-------- Listed records --------
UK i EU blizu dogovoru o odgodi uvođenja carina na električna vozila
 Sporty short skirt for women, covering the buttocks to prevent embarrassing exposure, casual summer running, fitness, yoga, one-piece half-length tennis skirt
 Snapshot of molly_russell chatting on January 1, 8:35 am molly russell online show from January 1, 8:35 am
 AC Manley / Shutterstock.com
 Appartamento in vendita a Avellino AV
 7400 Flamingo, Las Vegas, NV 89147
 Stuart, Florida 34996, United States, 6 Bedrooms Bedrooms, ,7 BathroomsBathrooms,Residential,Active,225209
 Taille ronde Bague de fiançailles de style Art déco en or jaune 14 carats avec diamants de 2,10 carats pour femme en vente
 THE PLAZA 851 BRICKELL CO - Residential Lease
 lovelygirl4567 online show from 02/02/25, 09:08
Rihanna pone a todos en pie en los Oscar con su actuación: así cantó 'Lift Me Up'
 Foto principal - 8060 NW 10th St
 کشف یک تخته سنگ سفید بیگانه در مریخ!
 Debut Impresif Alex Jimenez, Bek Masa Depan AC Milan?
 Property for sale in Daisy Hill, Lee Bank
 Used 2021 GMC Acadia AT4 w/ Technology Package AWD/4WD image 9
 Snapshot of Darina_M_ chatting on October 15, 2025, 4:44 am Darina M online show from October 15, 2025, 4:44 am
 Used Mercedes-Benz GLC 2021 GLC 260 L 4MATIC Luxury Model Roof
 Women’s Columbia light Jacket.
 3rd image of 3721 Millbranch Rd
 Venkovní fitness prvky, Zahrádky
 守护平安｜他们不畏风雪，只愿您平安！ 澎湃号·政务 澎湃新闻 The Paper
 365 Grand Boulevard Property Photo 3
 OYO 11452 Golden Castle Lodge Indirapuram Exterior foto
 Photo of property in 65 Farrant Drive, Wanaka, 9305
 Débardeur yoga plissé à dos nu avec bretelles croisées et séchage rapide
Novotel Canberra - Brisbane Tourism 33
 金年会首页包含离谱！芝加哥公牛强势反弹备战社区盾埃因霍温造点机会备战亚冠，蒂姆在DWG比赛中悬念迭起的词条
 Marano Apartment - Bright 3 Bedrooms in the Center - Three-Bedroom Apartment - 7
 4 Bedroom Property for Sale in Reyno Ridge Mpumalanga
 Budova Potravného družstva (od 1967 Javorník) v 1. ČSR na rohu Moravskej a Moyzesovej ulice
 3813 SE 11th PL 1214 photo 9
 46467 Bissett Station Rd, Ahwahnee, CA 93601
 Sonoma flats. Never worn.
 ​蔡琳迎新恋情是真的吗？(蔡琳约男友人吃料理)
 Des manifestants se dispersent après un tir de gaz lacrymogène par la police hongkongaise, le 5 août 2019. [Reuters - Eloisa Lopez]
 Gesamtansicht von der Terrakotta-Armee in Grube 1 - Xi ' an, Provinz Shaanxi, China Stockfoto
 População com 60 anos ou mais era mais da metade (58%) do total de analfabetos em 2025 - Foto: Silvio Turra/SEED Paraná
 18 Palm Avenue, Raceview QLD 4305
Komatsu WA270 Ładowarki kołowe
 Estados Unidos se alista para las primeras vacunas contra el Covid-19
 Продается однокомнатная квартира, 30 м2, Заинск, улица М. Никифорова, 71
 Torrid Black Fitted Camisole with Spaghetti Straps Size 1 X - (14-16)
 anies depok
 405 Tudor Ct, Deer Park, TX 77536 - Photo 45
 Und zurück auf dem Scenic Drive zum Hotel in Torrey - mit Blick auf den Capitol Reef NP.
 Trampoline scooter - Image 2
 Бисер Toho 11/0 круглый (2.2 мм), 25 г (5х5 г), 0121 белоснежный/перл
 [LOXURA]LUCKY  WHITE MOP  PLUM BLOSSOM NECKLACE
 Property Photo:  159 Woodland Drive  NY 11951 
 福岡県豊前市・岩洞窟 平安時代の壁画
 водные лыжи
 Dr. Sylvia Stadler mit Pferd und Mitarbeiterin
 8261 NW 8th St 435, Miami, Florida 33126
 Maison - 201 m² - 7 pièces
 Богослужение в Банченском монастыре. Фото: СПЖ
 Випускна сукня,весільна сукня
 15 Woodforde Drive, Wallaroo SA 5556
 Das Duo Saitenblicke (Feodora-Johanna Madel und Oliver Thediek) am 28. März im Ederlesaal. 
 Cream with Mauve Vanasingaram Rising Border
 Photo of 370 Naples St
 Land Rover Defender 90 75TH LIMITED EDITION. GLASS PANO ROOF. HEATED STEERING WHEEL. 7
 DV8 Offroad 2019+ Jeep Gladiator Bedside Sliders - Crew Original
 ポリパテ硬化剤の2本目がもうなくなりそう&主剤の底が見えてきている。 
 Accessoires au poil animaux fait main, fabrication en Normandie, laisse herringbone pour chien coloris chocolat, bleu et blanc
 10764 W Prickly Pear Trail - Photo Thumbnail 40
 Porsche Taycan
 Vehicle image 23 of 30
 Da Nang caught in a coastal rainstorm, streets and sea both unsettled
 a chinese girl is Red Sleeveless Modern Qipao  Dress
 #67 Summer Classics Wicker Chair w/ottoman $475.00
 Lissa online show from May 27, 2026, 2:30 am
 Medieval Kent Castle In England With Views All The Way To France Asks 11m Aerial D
--------
Retype the portion of the data above that starts on the line with "Torrid Black Fitted" and finishes on the line with "Das Duo Saitenblicke", including both of those lines.

*Exercise answer*:
 Torrid Black Fitted Camisole with Spaghetti Straps Size 1 X - (14-16)
 anies depok
 405 Tudor Ct, Deer Park, TX 77536 - Photo 45
 Und zurück auf dem Scenic Drive zum Hotel in Torrey - mit Blick auf den Capitol Reef NP.
 Trampoline scooter - Image 2
 Бисер Toho 11/0 круглый (2.2 мм), 25 г (5х5 г), 0121 белоснежный/перл
 [LOXURA]LUCKY  WHITE MOP  PLUM BLOSSOM NECKLACE
 Property Photo:  159 Woodland Drive  NY 11951 
 福岡県豊前市・岩洞窟 平安時代の壁画
 водные лыжи
 Dr. Sylvia Stadler mit Pferd und Mitarbeiterin
 8261 NW 8th St 435, Miami, Florida 33126
 Maison - 201 m² - 7 pièces
 Богослужение в Банченском монастыре. Фото: СПЖ
 Випускна сукня,весільна сукня
 15 Woodforde Drive, Wallaroo SA 5556
 Das Duo Saitenblicke (Feodora-Johanna Madel und Oliver Thediek) am 28. März im Ederlesaal. 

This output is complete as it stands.